▶ **The problem**: A verbatim copy of the records below, pictures omitted, is the task.

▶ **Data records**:
== Segment start ==
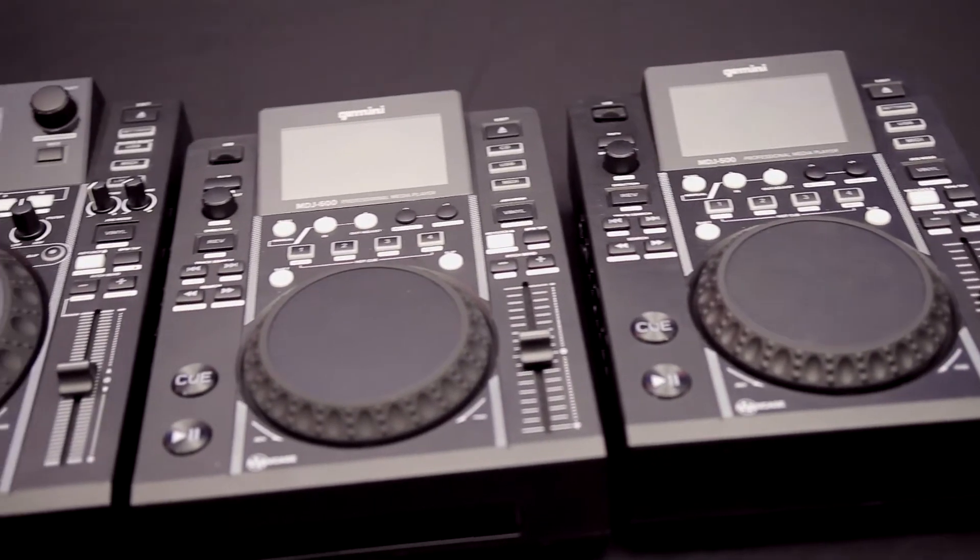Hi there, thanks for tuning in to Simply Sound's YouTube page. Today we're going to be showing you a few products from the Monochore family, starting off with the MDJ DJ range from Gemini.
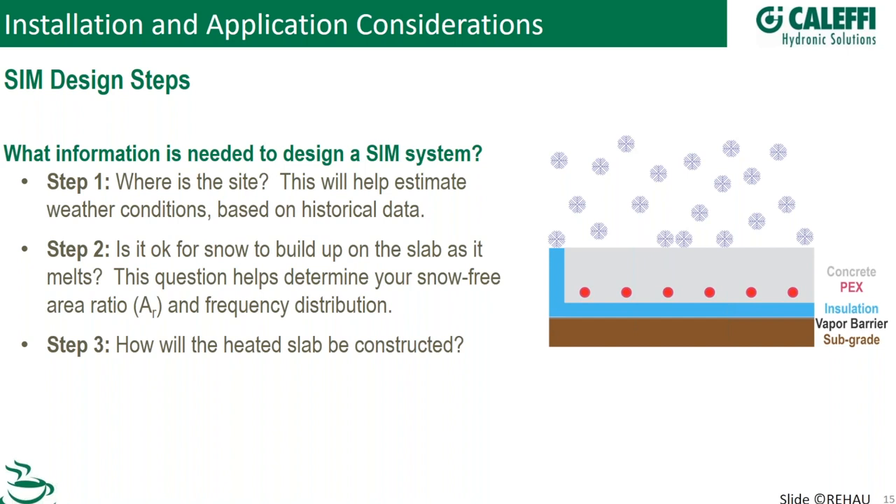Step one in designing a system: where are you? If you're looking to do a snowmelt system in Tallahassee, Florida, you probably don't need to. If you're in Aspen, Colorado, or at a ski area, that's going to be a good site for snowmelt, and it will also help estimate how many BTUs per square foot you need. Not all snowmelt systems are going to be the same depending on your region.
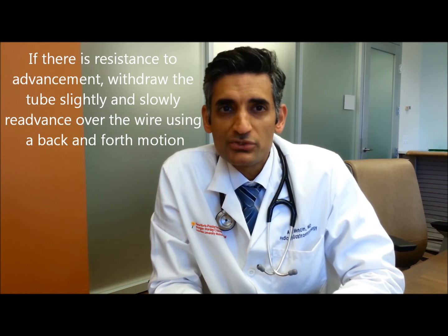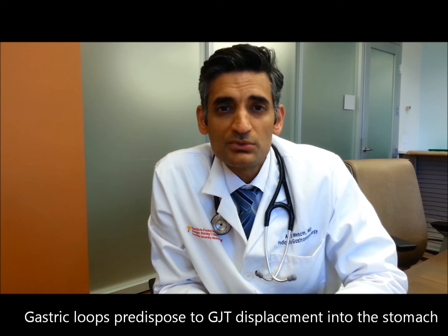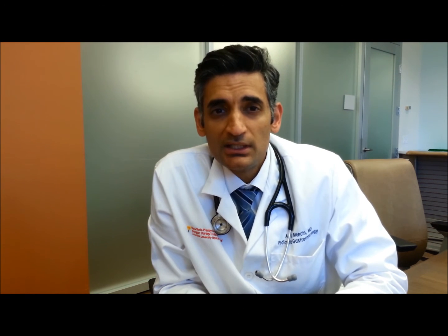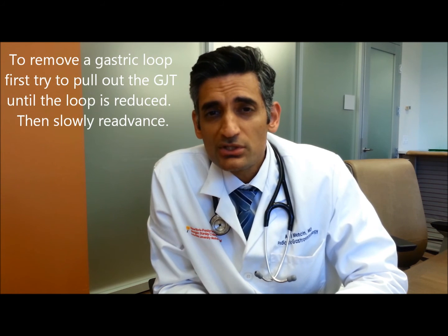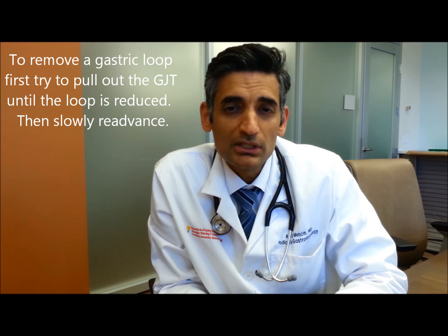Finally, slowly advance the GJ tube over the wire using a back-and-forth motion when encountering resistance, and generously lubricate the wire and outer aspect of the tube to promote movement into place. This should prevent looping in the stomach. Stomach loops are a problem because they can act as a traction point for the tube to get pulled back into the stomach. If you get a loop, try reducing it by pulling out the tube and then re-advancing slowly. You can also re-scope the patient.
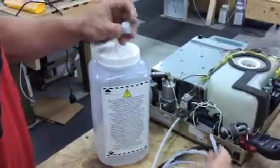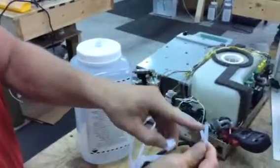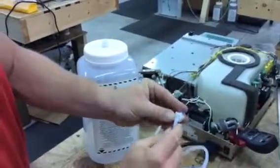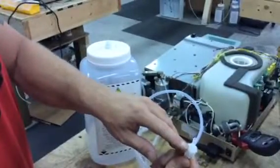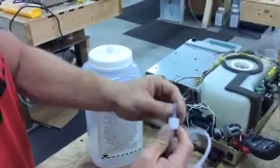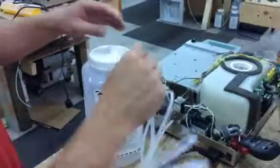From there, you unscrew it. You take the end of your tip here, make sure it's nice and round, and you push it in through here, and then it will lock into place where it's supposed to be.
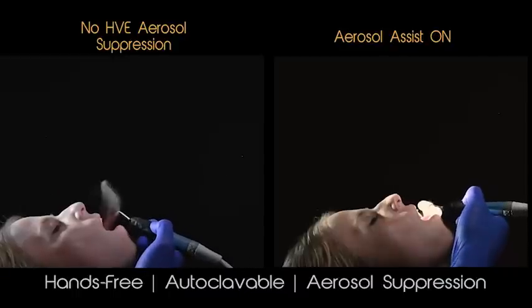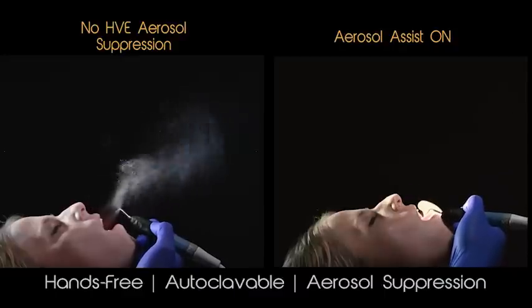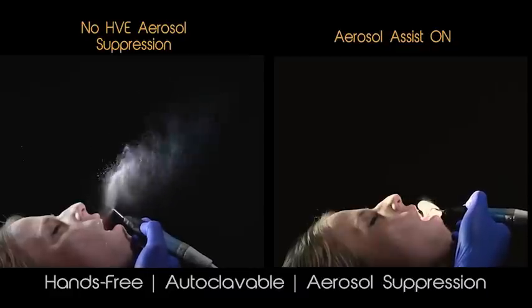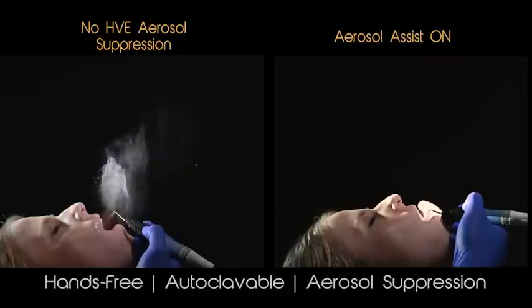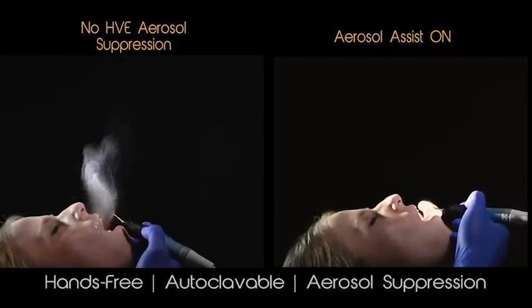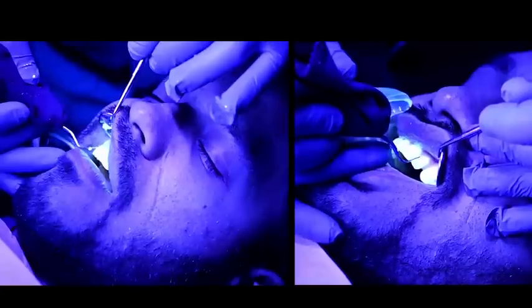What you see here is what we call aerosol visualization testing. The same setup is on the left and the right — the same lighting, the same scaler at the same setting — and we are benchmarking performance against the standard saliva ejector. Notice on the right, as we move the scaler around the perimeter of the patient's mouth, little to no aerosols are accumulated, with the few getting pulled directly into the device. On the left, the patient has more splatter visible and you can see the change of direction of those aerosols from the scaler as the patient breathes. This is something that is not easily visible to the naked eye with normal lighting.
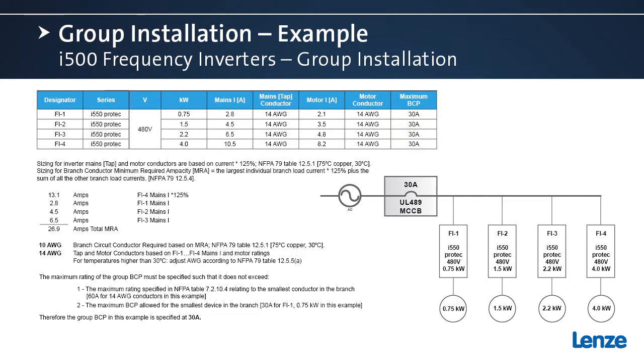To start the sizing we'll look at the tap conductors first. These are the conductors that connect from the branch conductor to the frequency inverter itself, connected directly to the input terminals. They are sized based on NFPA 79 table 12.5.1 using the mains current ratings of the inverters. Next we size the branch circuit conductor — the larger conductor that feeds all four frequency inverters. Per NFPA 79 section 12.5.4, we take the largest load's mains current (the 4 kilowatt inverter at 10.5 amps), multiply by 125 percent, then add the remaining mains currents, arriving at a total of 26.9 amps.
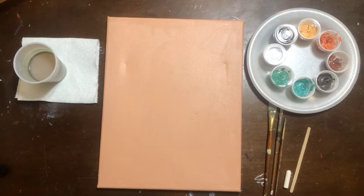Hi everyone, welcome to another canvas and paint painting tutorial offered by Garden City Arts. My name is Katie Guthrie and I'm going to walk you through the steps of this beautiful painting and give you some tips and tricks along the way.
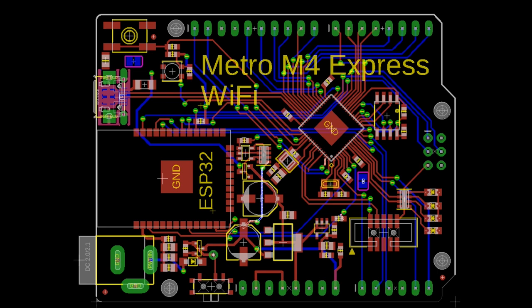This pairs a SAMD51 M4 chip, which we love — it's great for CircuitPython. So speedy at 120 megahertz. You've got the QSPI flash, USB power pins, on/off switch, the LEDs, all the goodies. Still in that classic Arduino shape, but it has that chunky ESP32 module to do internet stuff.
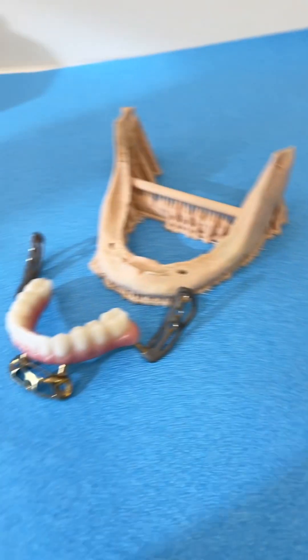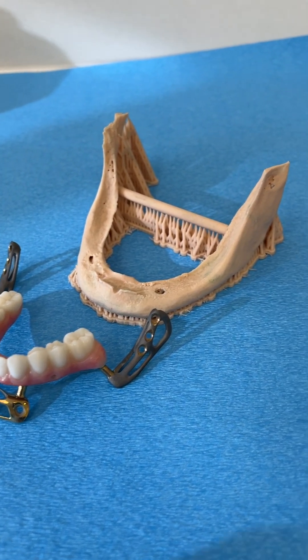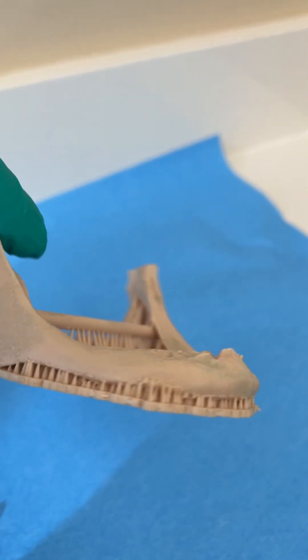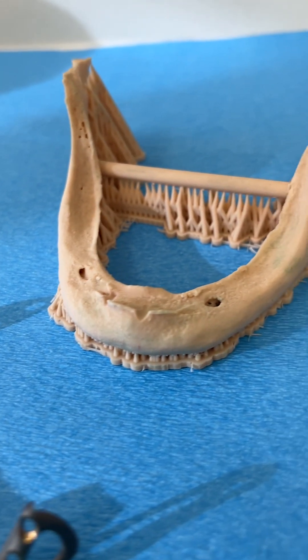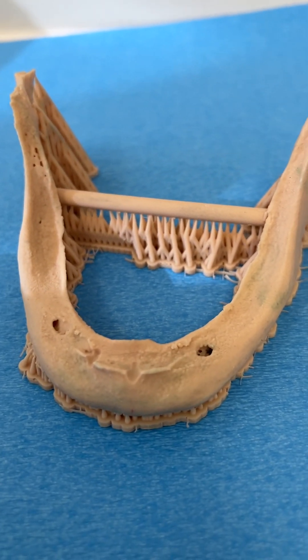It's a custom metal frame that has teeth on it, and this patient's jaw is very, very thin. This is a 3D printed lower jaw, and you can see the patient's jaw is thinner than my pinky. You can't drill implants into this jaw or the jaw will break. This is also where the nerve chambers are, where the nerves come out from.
== Segment end ==
▶ **Answer below**:
Hi there, thanks for tuning in to Simply Sound's YouTube page. Today we're going to be showing you a few products from the Monochore family, starting off with the MDJ DJ range from Gemini.
Step one in designing a system: where are you? If you're looking to do a snowmelt system in Tallahassee, Florida, you probably don't need to. If you're in Aspen, Colorado, or at a ski area, that's going to be a good site for snowmelt, and it will also help estimate how many BTUs per square foot you need. Not all snowmelt systems are going to be the same depending on your region.
Finally, slowly advance the GJ tube over the wire using a back-and-forth motion when encountering resistance, and generously lubricate the wire and outer aspect of the tube to promote movement into place. This should prevent looping in the stomach. Stomach loops are a problem because they can act as a traction point for the tube to get pulled back into the stomach. If you get a loop, try reducing it by pulling out the tube and then re-advancing slowly. You can also re-scope the patient.
From there, you unscrew it. You take the end of your tip here, make sure it's nice and round, and you push it in through here, and then it will lock into place where it's supposed to be.
What you see here is what we call aerosol visualization testing. The same setup is on the left and the right — the same lighting, the same scaler at the same setting — and we are benchmarking performance against the standard saliva ejector. Notice on the right, as we move the scaler around the perimeter of the patient's mouth, little to no aerosols are accumulated, with the few getting pulled directly into the device. On the left, the patient has more splatter visible and you can see the change of direction of those aerosols from the scaler as the patient breathes. This is something that is not easily visible to the naked eye with normal lighting.
To start the sizing we'll look at the tap conductors first. These are the conductors that connect from the branch conductor to the frequency inverter itself, connected directly to the input terminals. They are sized based on NFPA 79 table 12.5.1 using the mains current ratings of the inverters. Next we size the branch circuit conductor — the larger conductor that feeds all four frequency inverters. Per NFPA 79 section 12.5.4, we take the largest load's mains current (the 4 kilowatt inverter at 10.5 amps), multiply by 125 percent, then add the remaining mains currents, arriving at a total of 26.9 amps.
Hi everyone, welcome to another canvas and paint painting tutorial offered by Garden City Arts. My name is Katie Guthrie and I'm going to walk you through the steps of this beautiful painting and give you some tips and tricks along the way.
This pairs a SAMD51 M4 chip, which we love — it's great for CircuitPython. So speedy at 120 megahertz. You've got the QSPI flash, USB power pins, on/off switch, the LEDs, all the goodies. Still in that classic Arduino shape, but it has that chunky ESP32 module to do internet stuff.
It's a custom metal frame that has teeth on it, and this patient's jaw is very, very thin. This is a 3D printed lower jaw, and you can see the patient's jaw is thinner than my pinky. You can't drill implants into this jaw or the jaw will break. This is also where the nerve chambers are, where the nerves come out from.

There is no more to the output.